To establish the evolutionary context of the isolates from Shantou, phylogenetic analyses with the published H7N9 nucleotide sequences were performed. The genomic sequences of H7N9 isolates were retrieved from in GISAID’s EpiFlu database as of December 31st 2014. Isolates were grouped according to their collection date as follows: first wave (February 1st to June 30th, 2013), and second wave (July 1st 2013 to June 30th 2014). Only those isolates for which all their eight genomic segments were available with at least 75% of coverage were included in the analyses. In total, the genomic sequences from 95 human isolates were used in the analysis, including the Shantou strains. Additionally, 6 avian isolates and 4 environmental isolates that are representative of the core genetic groups and of the different reassortant sub-groups were included in the analysis (Additional file 1: Table S1). MEGA6 (v6.0.6) [16] was used to infer the evolutionary history for each viral segment by using the Maximum Likelihood method based on the General Time Reversible Model [17] and using 1000 bootstrap replications.

Results

Sequencing of four influenza H7N9 isolates of human origin

In this study, four influenza H7N9 viruses that were isolated from patients with severe pneumonia in Shantou during March and April of 2014 were characterized at the genomic level. The clinical specimens collected from these patients were inoculated into embryonated eggs for viral expansion and the resulting isolates were named A/Shantou/1001/2014 (H7N9), A/Shantou/1002/2014 (H7N9), A/Shantou/1003/2014 (H7N9) and A/Shantou/1004/2014 (H7N9). After amplification of the viral genomes by M-RTPCR, the sequencing of the PCR products resulted in approximately 184,000, 248,000, 214,000 and 192,000 viral short-reads, respectively.

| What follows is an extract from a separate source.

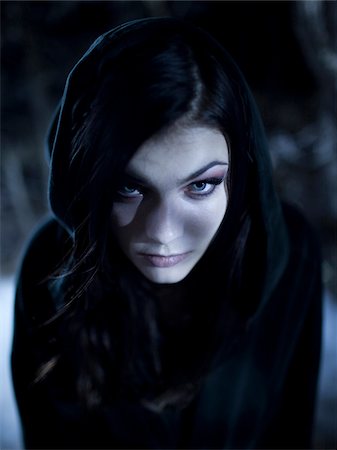 panic - USA, Utah, Cedar Hills, Portrait of female teenage vampire (16-17) wearing hood Foto de stock - Sin royalties Premium, Código: 640-05761008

The resulting consensus sequences presented complete coverage of the viral genomes and they were deposited on GISAID’s EpiFlu database (isolate identifiers EPI_ISL_162618, EPI_ISL_162619, EPI_ISL_162620 and EPI_ISL_162621, respectively).

The isolates from Shantou belong to the Eastern cluster of influenza H7N9

Next, we sought to characterise the evolutionary context of the human disease. The phylogenetic analyses of the viral genes indicate that, despite the presence of reassortant groups, all the strains of the first wave of the disease share a common evolutionary history and they do not form apparent clusters by host species (Figure 2). A separate set of phylogenetic analyses that included the human isolates (n = 95), and the available avian (n = 44) and environmental (n = 21) isolates, also indicate that the strains are evenly distributed across reassortant groups regardless of their origin (data not shown). The strains of the second wave are divided between a first group whose gene sequences clustered together with the strains of the first wave, and a second group in which a majority of their genes (PB2, PB1, PA, NP and NS) formed separate clusters with an evolutionary history independent from the rest of the H7N9 strains. Therefore, we defined one first phylogenetic group of H7N9 strains named the Eastern cluster, formed by A/Shanghai/1/2013 and related strains in which the Shantou strains are included; we also defined a second group of H7N9 strains named the Southern cluster that includes A/Guangdong/1/2013 and related strains. Although both A/Shanghai/1/2013 and A/Guangdong/1/2013 carry reassortments that set them apart from their respective core groups (as shown in Figures 2 and 3), they are mentioned as representative of the Eastern and Southern clusters, respectively, for historical reasons and because of their higher relevance in the related literature.
Figure 2

Phylogenetic analysis of the viral segments of influenza H7N9 isolated from human patients. Using the software program Mega 6.02, phylogenetic trees were inferred by using the Maximum Likelihood method based on the General Time Reversible Model with 1000 bootstrap replications. Bootstrap support values ≥70% are shown. Branch lengths are proportional to number of substitutions per site. Unmarked strain names: Eastern cluster from the first wave of the disease; blue circle: Eastern cluster from the second wave of the disease; red circle: Southern cluster from the second wave of the disease; Yellow highlight: viral isolates from Shantou; blue highlight: strain of avian or environmental origin.

Figure 3

Genetic make-up of the sub-groups of human isolates of influenza H7N9. For each group, two representative strains were selected, and the phylogenetic origin of their genomic segments is shown by the colour code indicated in the panel.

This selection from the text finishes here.